* _What to produce_
Find the line with "If you're looking" in the entries below, then reproduce it and every line after it down to and including the line with "Tra grilli e cicale - Image 5", exactly.

::: Material supplied

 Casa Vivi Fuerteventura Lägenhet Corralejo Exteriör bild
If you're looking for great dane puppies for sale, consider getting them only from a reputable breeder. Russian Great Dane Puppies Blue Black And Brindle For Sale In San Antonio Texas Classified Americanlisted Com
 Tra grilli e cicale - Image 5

::::::
::: Material supplied

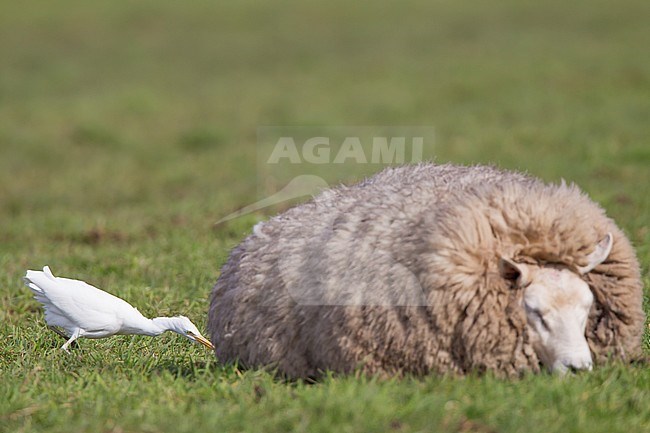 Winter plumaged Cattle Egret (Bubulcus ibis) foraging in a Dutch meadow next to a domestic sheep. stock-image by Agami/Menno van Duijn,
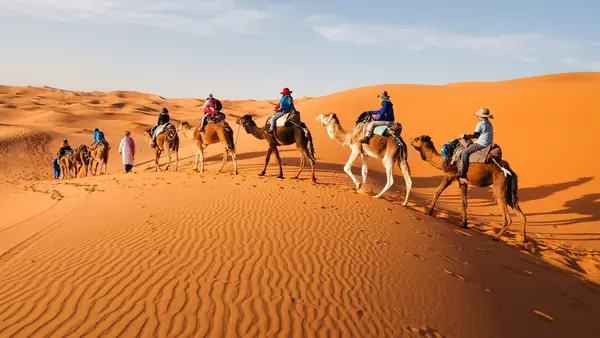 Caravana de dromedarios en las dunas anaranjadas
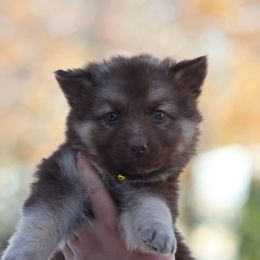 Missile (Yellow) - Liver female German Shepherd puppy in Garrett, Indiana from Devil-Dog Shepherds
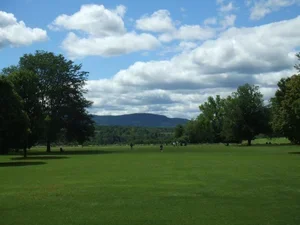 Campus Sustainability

::::::
::: Material supplied

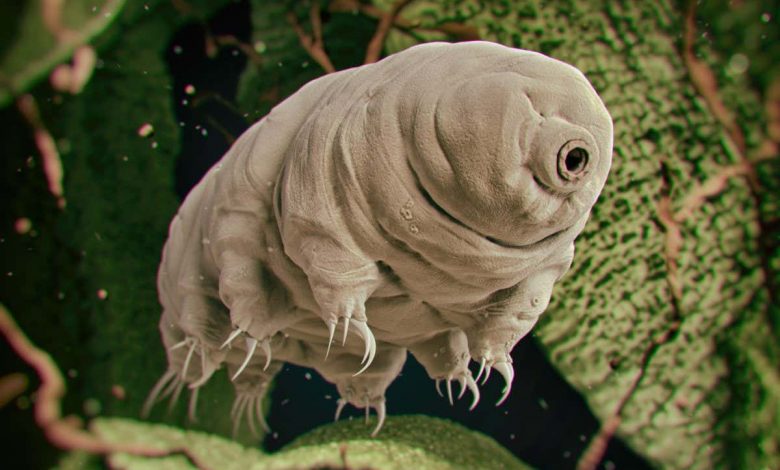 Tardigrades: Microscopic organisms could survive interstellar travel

::::::

* _Exercise output_
If you're looking for great dane puppies for sale, consider getting them only from a reputable breeder. Russian Great Dane Puppies Blue Black And Brindle For Sale In San Antonio Texas Classified Americanlisted Com
 Tra grilli e cicale - Image 5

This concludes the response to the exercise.